Mais le président de Zodiac Aerospace Olivier Zarrouati s'est refusé à répondre à la question d'un analyste sur la prévision de marge opérationnelle à deux chiffres en 2017-18, après avoir déjà effectué une série de "profit warnings" à cause de sa crise de production.

Le patron de l'équipementier a souligné que la montée en cadence de l'A350, dont Airbus a augmenté la production à près de 50 en 2016, a conduit Zodiac à tripler sa capacité de production, maintenant l'équipementier sous forte tension.

"Je crois que cet effort a été reconnu et nous permet maintenant d'avoir une relation avec l’avionneur, disons, apaisée", a-t-il dit à des journalistes.

Fabrice Brégier, le numéro deux d'Airbus, qui a tancé publiquement Zodiac à plusieurs reprises, a prévenu fin février que le groupe ne devait pas se laisser déstabiliser par son projet de rachat par Safran.

"Il y a encore beaucoup de travail à faire, mais nous ne pensons pas avoir le même type de 'sur-effort' pendant le second semestre", a ajouté Olivier Zarrouati.

Les difficultés industrielles de l'usine de sièges de Cwmbran au Royaume-Uni, sous tension d'une grosse commande d'une compagnie aérienne, ont également pesé sur les coûts du groupe, a-t-il ajouté.

"L'inquiétude pourrait aujourd'hui concerner la volatilité parmi les divisions", estime Jefferies dans une note.

Le chiffre d'affaires des sièges a reculé de 5,3% au premier semestre et celui des équipements de cabines de 2,4%, tandis que la branche de systèmes aéronautiques a vu le sien progresser de 1,0%, en données publiées.

Safran a annoncé le 19 janvier un projet de rachat de Zodiac, qui donnerait naissance au numéro trois mondial du secteur derrière General Electric et United Technologies.

Interrogé sur la réaction de Safran à ce nouveau "profit warning", Olivier Zarrouati a répondu : "Safran n'en dit rien : il est normal que la communication soit faite au marché qui doit en avoir la primeur".

Safran n'a pas souhaité faire de commentaire dans l'immédiat.

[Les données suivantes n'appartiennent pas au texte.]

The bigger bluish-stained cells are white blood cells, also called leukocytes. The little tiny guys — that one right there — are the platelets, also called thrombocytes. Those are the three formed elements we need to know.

Le fonds spéculatif TCI, qui s'oppose au projet de fusion, a estimé que ce nouveau "warning" plaidait pour l'abandon de l'opération.

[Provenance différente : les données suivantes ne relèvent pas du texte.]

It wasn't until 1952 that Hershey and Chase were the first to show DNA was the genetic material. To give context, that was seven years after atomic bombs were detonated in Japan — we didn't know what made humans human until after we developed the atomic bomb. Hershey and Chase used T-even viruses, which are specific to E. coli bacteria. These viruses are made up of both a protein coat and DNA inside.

"Zodiac connaît des difficultés extrêmes sur le plan financier et opérationnel et ses problèmes ne peuvent pas être réglés par la direction de Safran qui a effectué zéro 'due diligence' sur l'activité de Zodiac", a déclaré Ben Walker, partenaire chez TCI, dans une déclaration transmise à Reuters.

"Safran n'a pas encore signé d'accord engageant avec Zodiac et doit donc agir de manière responsable et abandonner l'opération maintenant", a-t-il ajouté.

Zodiac, qui publiera ses résultats semestriels le 20 avril, a également confirmé viser une stabilité de son chiffre d'affaires sur l'exercice, après un recul de 2,6% au premier semestre 2016-17 (septembre-février) à 2,445 milliards d'euros.